In third place, the Best Practices category contained 626 entity relationships that suggested project management strategies for e-learning development, instructional strategies (e.g., gamification and avatars), effective feedback to learners, and the creation of high-quality images. In fourth place, the Instructional Design category had 611 entity relationships that suggested creating memorable e-learning experiences and incorporating learning theories in e-learning development (e.g., cognitive load multimedia learning, adult learning, active learning, and Ebbinghaus’ forgetting curve).
In fifth place, the E-Learning Software category identified 300 entity relationships that suggested several aspects of learning management systems for training, reporting, aligning e-learning materials with business goals, and licensing software options. In sixth place, the Free Resources category contained 236 entity relationships that offered free Web 2.0 resources, free stock photo libraries, and webinar and conference resources. In seventh place, the Learning Management System category had 213 entity relationships, including reviews of learning management systems (e.g., Talent LMS, ShareKowledge, Administrate), administrative and learner features, and implementation costs for organizations.

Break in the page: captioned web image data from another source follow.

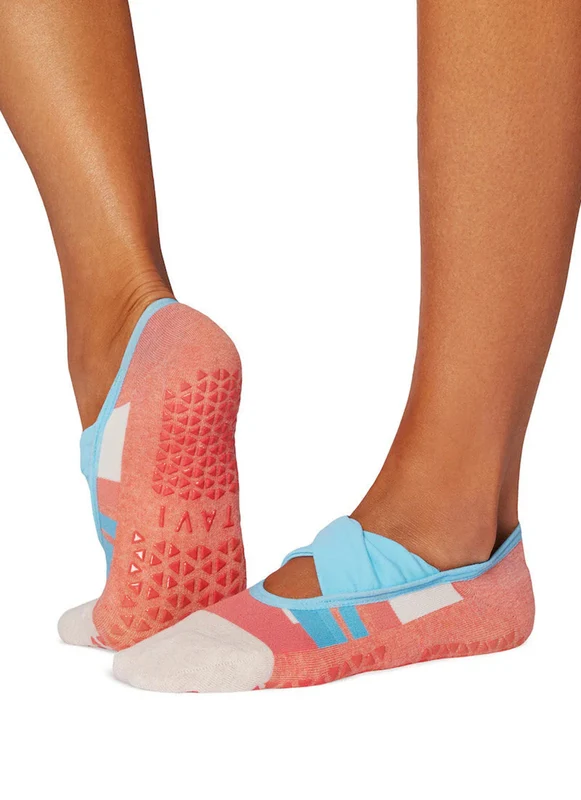 Tavi Penny Grip Socks Latte Ombre / S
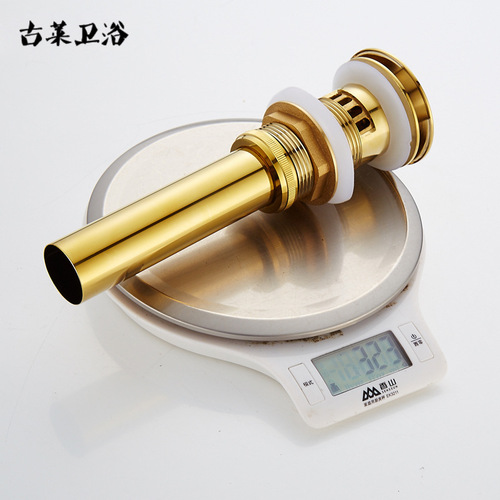 Golden drainer, all copper, pop-up basin, washbasin, antique washbasin drainer flap, drainer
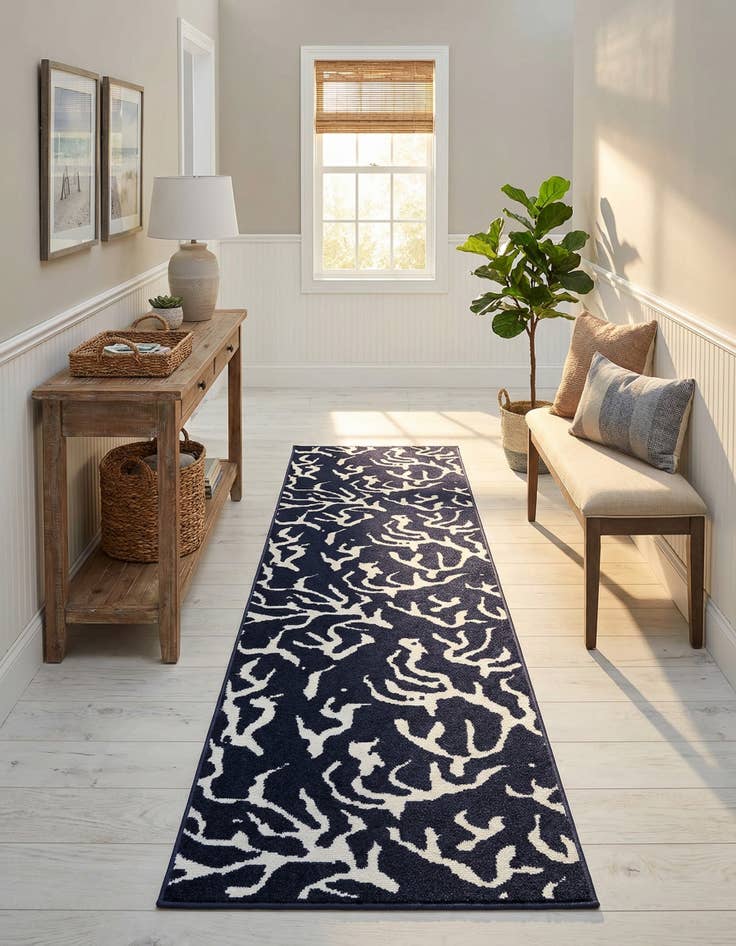 Detail image of  2' 7 x 10'  Washable Sabrina Soto Indoor / Outdoor Runner Rug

4.3. RQ3: What Are the Latent Topic Structures in the Online Community?

Across all news categories, the BoW topic models had better topic interpretation than the TF-IDF models, based on the subject matter and higher probabilities of topic distributions. The BoW and sentence transformer topic models are described below by news category.

4.3.1. Category 1: Learning Management System

In the topic models using the BoW and sentence transformers, the Learning Management System category showed seven emerging topics related to custom training development, platform implementation costs and experiences, and the various uses of platforms for employee onboarding, online compliance training, and user and content management. Table 7 summarizes the BoW and sentence transformer topic models for the category.

4.3.2. Category 2: E-Learning Software

In the BoW topic model, four topics were related to the various uses of e-learning development for employee onboarding, language acquisition courses, online compliance training, and e-learning software reviews. In the sentence transformer topic model, eight topic models were associated with platform use in various settings (e.g., K-12 and corporate), organizational goals (e.g., compliance and education), mobile learning support, user and content management, and platform requirements. Table 8 summarizes the BoW and sentence transformer topic models for the category.

4.3.3. Category 3: E-Learning Trends

In the BoW topic model, three topic models described gamification, e-learning development, and mobile learning. Interestingly, the sentence transformer topic model generated 27 emerging topics. Five topics displayed the highest probability, including the instructional design process, microlearning, new employee onboarding, social media for collaboration and networking, and learning theories. Table 9 summarizes the BoW and sentence transformer topic models for the category.

4.3.4. Category 4: Design and Development

In the BoW topic model, nine emerging topics were related to the assessment and various processes of e-learning and employee training development, including mobile learning, e-learning templates, e-learning examples, engagement strategies, the translation of courses, and voiceover recording. The sentence transformer topic model showed six topics related to educational animation, learning objectives development, the translation of courses, learning theories, assessment, and voiceover recording. Table 10 summarizes the BoW and sentence transformer topic models for the category.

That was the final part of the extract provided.